Just when you think you have finished modding [smiley=bigcry.gif]


----------



## Auditto (Jan 11, 2008)

I really love it!!!

I´m waiting now my orsam cool blue to replace the existing fog light!! I cannot wait to see the white/blue colour switching on! 8) 8)


----------



## Auditto (Jan 11, 2008)

yellow,the mods never will stop!!!!!! :wink: :wink: :wink:


----------



## YELLOW_TT (Feb 25, 2004)

Auditto said:


> yellow,the mods never will stop!!!!!! :wink: :wink: :wink:


They do I have finnished modding old yellow 4 times in the last 3 years :wink: :lol:


----------



## Auditto (Jan 11, 2008)

sounds like me with the gym....I always think: I will start this monday!!!! :lol: :lol:


----------



## chrishTT (May 14, 2006)

great mod i like it
is it difficult to do then


----------



## YELLOW_TT (Feb 25, 2004)

Auditto said:


> sounds like me with the gym....I always think: I will start this monday!!!! :lol: :lol:


Or me with diets I should be like a lat I start a new diet every Monday :wink: :lol:


----------



## Auditto (Jan 11, 2008)

chrishTT !!

Is not a really difficult job!! the hardest for me was find how connect the fog light without the sidelights, because if you connect sidelights and fog, when you open the door sound the "beep" like if you left the light on and left the car, and i did not really want this!!


----------



## Hark (Aug 23, 2007)

Auditto said:


> chrishTT !!
> 
> Is not a really difficult job!! the hardest for me was find how connect the fog light without the sidelights, because if you connect sidelights and fog, when you open the door sound the "beep" like if you left the light on and left the car, and i did not really want this!!


Hi mate

That's what I wanted to know. So you don't get the door open beep? Presume you still use a relay powered from the interior light which switches power from the busbar? Where did you then wire it to? A particular fuse or what? You wouldn't believe the amount of though I have given this this week.


----------



## starski4578 (Aug 24, 2007)

Excellent mod mate!


----------



## Dash (Oct 5, 2008)

You must do a how-to guide! This is an excellent feature.


----------



## ap123ap (Aug 20, 2008)

this is mine!


----------



## Auditto (Jan 11, 2008)

don´t worry mate I will do a guide!!


----------



## EnfieldTT (Jun 7, 2008)

Nice one mate, top mod! Like Hark, I've been thinking about this too (mainly coz my mate has it on his 330 and im VERY jealous!! ) Yeah defo do a 'How To...' - plenty on here would be interested in this bud.


----------



## denTTed (Feb 21, 2007)

Just added another thing to my "mods to do" list, excellent. Looking forward to the how too guide.


----------



## Naresh (Nov 22, 2004)

It's a good feature to have and I've got it fitted to my lower LED running lights. It can be linked to sidelights but as already mentioned causes the lights on buzzer to sound. With the right connections though I'm sure it can be disabled, plus using the fog lights probably means more light is thrown out comparied with just sidelights so better at lighting up a driveway, unless of course you have Was's DRL's fitted. 8)


----------



## Auditto (Jan 11, 2008)

Thanks for the comments!

I have used the front fog light only this reason, I don't want open my door and sound the beep!! If you use also sidelight you will have this problem!!
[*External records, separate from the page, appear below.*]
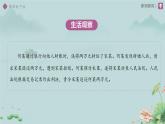 10.3 保障財產(chǎn)權(quán) 課件 道德與法治人教版（2024）七年級下冊第四單元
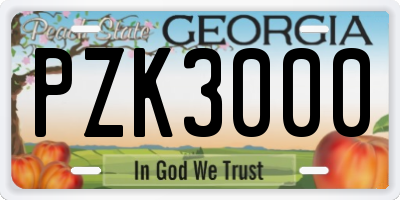 GA license plate PZK3000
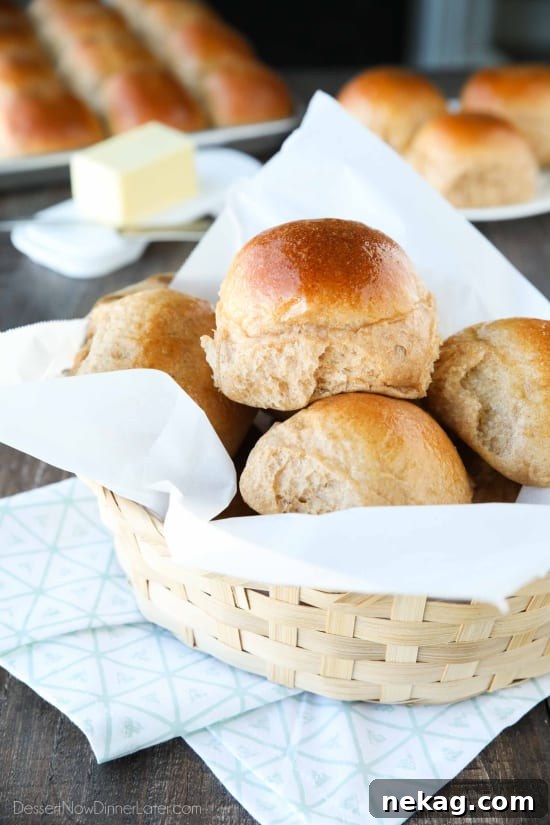 Soft Whole Wheat Dinner Rolls Recipe for Fluffy Homemade Bread 3 These 100% Whole Wheat Dinner Rolls are so soft, light, fluffy and moist, with a hint of honey. Make them for holidays (Thanksgiving, Christmas, Easter, etc.) or any day!
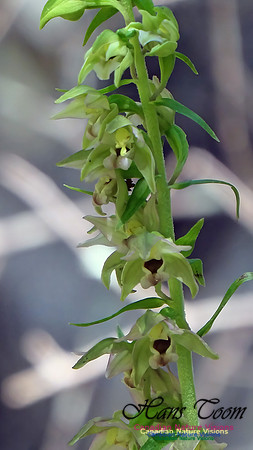Helleborine Orchid 104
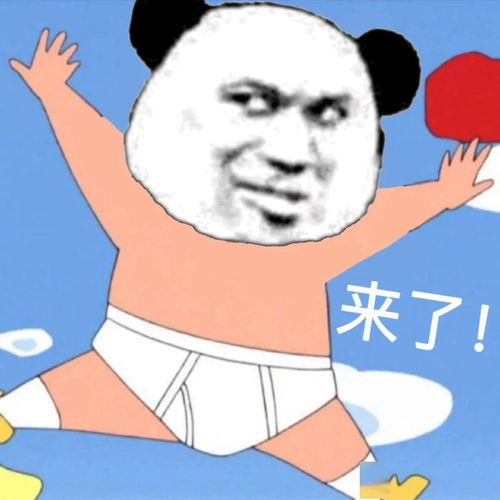  你是什么品种的猪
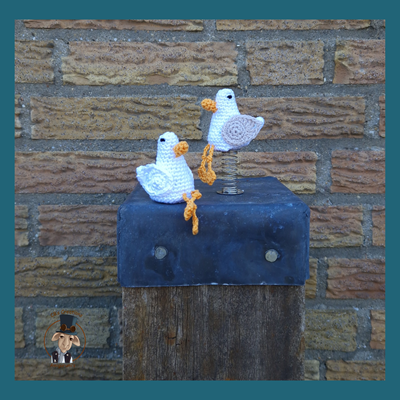 Wobbling Seagull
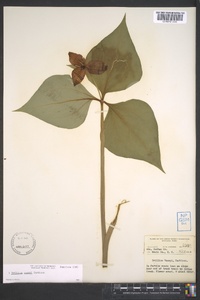 Trillium vaseyi image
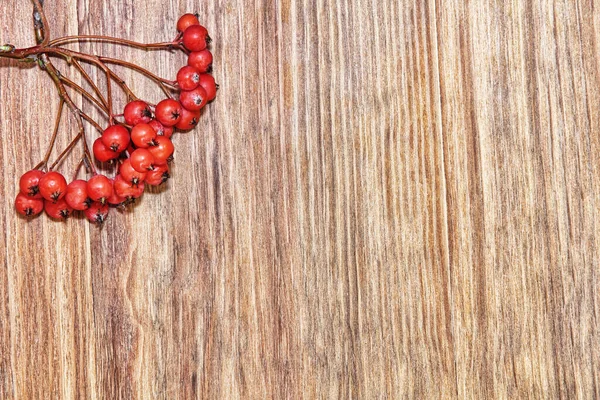 Autumn Red Berries Cluster Grunge Wooden Background Top View — Stock Photo, Image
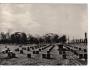 TEREZÍN - HŘBITOV U KREMATORIA - ORBIS °40155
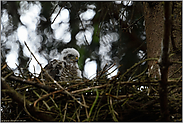 bald schon flügge... Sperbernestling *Accipiter nisus*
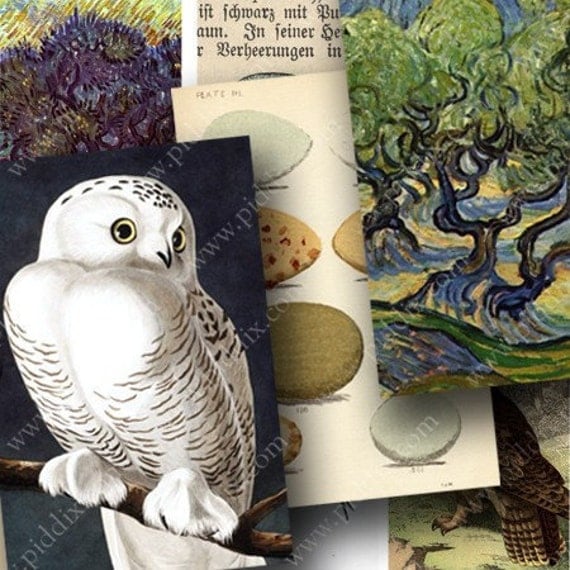 Birds, Eggs, Trees and other nature images in 1.25 x 1.875 inches for large bamboo tiles and more -- piddix digital collage sheet no. 427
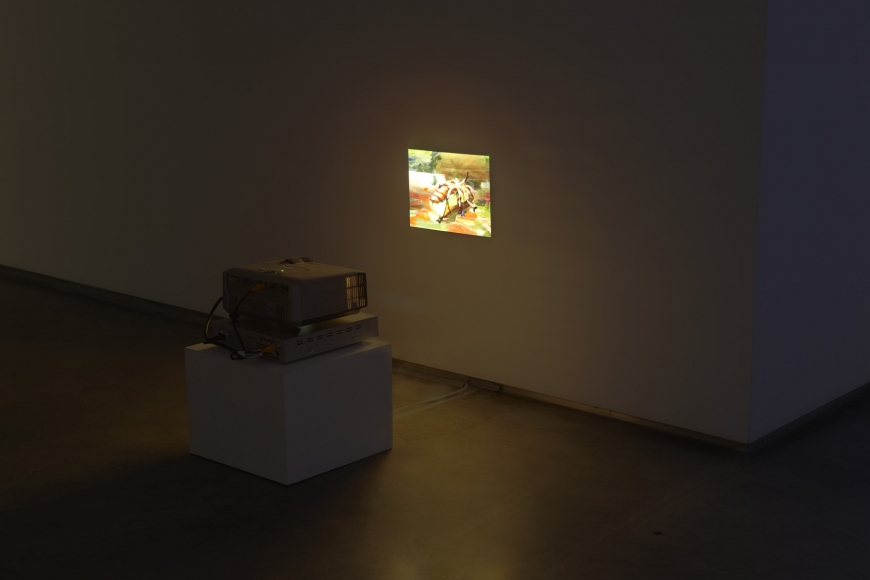 Jacco Olivier (Installation view), Marianne Boesky Gallery, 2010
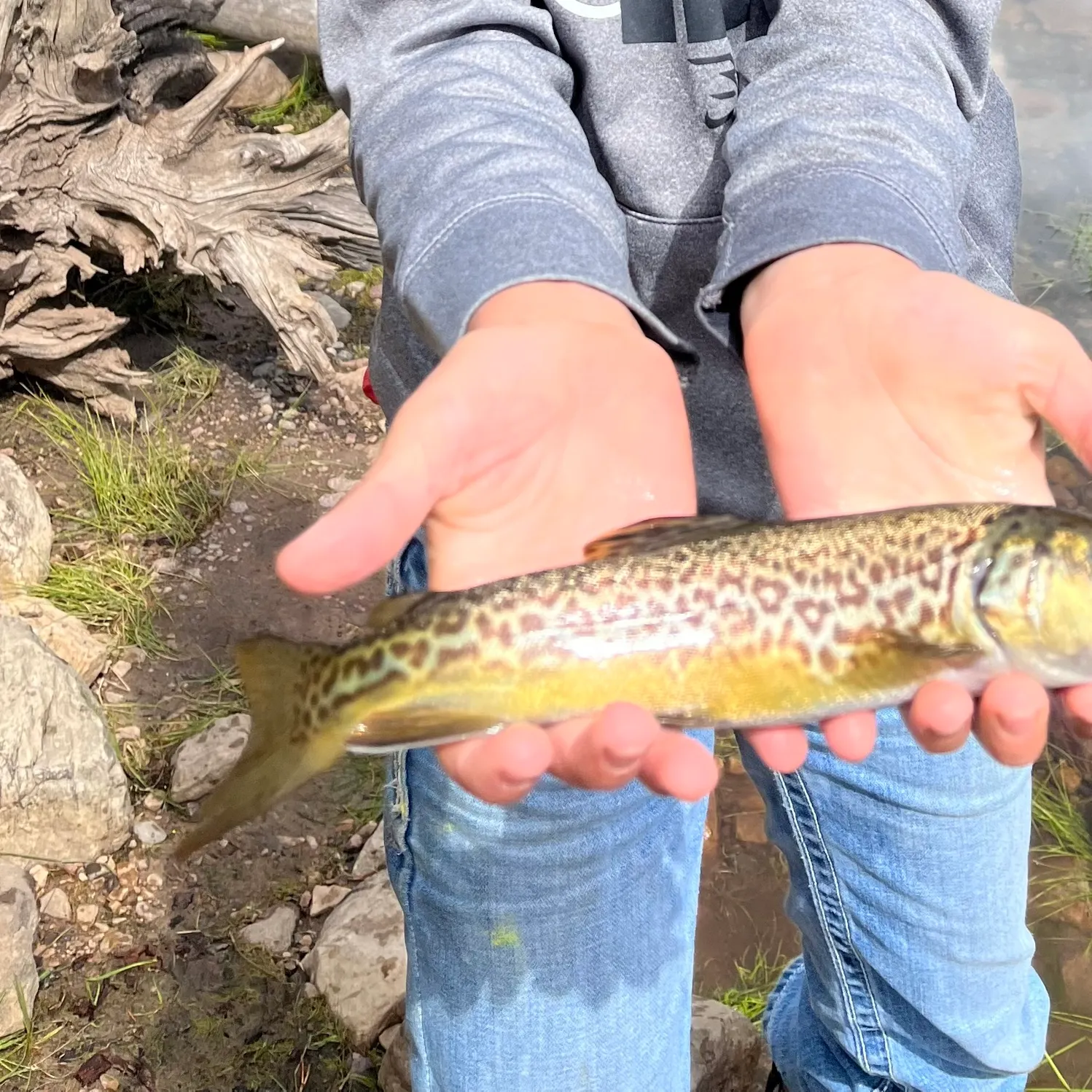 Tiger trout caught on Fishbrain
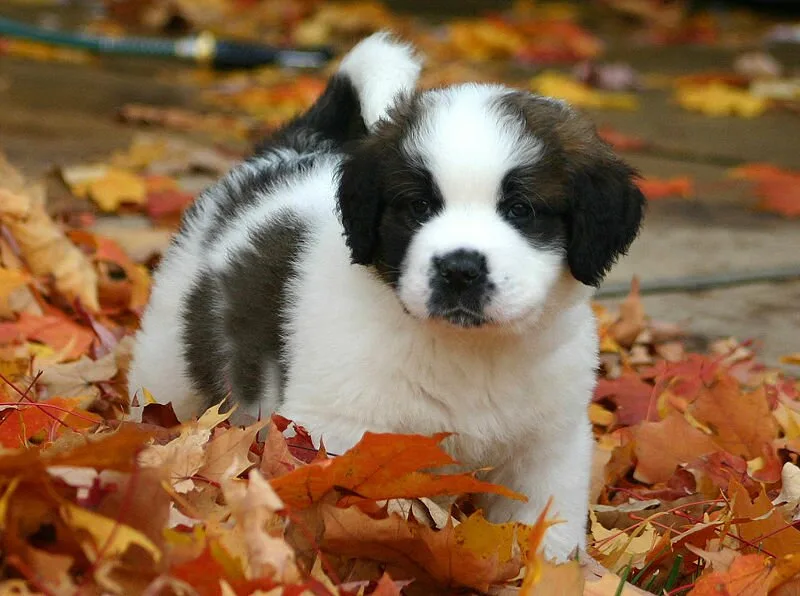 Saint Bernard 2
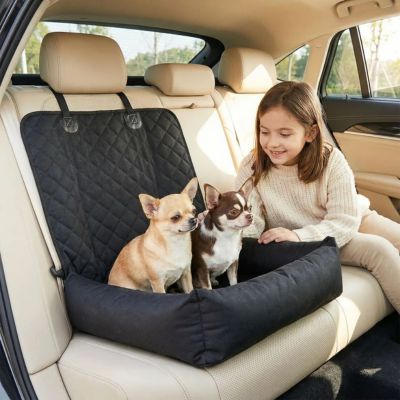 deux chiwawas assis dans protection siege auto chien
The problem, if you do this..........that you not have light connected with this function in the rear of the car, but I cannot see why not you can add some rear light to this function, I'm working in this at this moment !!!


----------



## DAZTTC (May 20, 2005)

This is a grate mod i have it on my Was DRL's and its very 8)

DAZ


----------



## JayC (Nov 12, 2008)

very very nice... look forward to seeing a how-to.. 8)


----------



## LuTTon (Jul 18, 2008)

Interested too...


----------



## Auditto (Jan 11, 2008)

Hi people!!

So sorry for the delay!! I have been very busy this weekend trying new functions with the coming home leaving home! I didn´t want to write a report early and later the people will have problems, I prefer to be sure that the system works ok! I REALLY DID IT!!!!!

*AUDITTO COMING HOME LEAVING HOME:*

Little description first:
With this funtion the front fog light will (only) switch on everytime that you open the car, with the remote control, or even if you open the doors or connect the interior lights with the car switched off. After you switch on the car, and thanks to the first relay the coming home leaving home will be disconnected, so if you open the doors, or connect the interior lights the fog lights will not connect.I know that is not the original coming home leaving home function, but is the easiest way to get it. This is why it is more or less obligatory to connect a swith to disconnect the system, because we dont want that when we are cleaning the car the fog light will be connected all the time and waste our battery.

you need:

-2x relays 5 pins 12v like this:








-1x switch to disconnect the system when you don´t want it like this: ( you can use other type if you want!!)








-Cable.
-Fuse holder and Fuse 10A.
-Connections (pins and sockets).
- a couple of hours free!!!! :lol:

Basically these are the connections that you must to do:










the relay 53 is the relay that controls the fog light, this relay is activated by the sidelight, so the fog light cannot be connected without the sidelight, What we are doing is connecting our cables as if the relay is open so we are making a "bridge" therefore the foglight can be connected without the side light!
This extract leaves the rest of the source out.